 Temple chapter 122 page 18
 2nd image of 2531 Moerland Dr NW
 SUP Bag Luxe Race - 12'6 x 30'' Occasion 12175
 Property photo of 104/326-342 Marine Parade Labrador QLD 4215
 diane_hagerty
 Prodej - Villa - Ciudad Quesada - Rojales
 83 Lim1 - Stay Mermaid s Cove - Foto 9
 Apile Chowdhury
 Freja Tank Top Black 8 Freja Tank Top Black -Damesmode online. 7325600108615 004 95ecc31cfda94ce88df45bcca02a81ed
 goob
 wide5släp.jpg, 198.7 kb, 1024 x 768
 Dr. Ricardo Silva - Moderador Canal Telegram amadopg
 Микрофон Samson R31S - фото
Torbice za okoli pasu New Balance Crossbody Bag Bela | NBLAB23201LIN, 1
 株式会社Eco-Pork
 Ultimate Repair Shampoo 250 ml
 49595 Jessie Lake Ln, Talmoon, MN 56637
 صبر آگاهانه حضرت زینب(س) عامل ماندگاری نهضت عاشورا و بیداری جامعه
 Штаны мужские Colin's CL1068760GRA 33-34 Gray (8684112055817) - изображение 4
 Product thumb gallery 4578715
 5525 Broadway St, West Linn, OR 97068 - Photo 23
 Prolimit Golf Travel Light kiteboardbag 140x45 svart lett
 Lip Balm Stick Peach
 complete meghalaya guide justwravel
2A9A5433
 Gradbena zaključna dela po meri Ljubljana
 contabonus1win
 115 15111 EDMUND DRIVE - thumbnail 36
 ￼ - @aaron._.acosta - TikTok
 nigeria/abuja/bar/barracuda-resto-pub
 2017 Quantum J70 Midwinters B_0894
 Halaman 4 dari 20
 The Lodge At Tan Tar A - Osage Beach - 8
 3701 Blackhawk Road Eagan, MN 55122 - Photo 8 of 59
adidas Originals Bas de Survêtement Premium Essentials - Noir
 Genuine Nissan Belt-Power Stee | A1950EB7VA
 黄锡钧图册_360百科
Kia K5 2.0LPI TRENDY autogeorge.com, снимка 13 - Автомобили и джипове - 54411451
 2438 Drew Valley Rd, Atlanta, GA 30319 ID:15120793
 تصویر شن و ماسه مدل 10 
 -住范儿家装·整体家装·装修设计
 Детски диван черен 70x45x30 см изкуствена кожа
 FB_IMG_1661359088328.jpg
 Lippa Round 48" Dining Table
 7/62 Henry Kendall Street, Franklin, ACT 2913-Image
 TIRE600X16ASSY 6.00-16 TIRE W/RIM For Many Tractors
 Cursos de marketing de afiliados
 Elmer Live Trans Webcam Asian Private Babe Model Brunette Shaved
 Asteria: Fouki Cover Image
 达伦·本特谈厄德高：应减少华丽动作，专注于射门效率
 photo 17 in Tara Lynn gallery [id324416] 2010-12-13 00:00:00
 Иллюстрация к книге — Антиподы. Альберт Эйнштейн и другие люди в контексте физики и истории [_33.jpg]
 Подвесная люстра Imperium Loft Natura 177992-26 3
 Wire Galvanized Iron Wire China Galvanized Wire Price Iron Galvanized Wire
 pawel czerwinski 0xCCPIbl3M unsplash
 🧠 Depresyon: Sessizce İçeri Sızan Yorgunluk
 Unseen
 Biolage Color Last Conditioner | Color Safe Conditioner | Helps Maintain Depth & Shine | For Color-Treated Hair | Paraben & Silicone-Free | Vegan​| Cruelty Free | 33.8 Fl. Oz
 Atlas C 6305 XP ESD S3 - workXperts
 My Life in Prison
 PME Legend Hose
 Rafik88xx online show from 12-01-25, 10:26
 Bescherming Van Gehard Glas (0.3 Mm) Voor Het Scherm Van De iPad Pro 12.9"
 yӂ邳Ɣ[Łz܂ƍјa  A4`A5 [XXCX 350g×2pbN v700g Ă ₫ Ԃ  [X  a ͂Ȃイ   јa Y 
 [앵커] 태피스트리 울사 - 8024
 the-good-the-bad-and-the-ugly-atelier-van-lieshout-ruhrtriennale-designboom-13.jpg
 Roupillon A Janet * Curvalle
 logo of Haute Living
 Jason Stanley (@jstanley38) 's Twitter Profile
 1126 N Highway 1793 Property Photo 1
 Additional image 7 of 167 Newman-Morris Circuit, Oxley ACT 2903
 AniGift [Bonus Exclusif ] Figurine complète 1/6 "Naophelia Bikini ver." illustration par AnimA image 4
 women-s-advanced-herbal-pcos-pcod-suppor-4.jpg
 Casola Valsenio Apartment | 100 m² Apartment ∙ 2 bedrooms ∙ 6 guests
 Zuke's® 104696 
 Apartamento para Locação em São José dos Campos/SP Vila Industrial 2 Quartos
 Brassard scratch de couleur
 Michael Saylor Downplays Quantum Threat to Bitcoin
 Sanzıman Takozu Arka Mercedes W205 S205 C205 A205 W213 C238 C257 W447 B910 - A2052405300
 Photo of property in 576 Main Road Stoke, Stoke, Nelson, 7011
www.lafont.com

▶ **PROBLEM DESCRIPTION**
Using only the data above, copy out the lines that include the word "online".

▶ **OUTPUT FOR THIS EXERCISE**
 Freja Tank Top Black 8 Freja Tank Top Black -Damesmode online. 7325600108615 004 95ecc31cfda94ce88df45bcca02a81ed
 Rafik88xx online show from 12-01-25, 10:26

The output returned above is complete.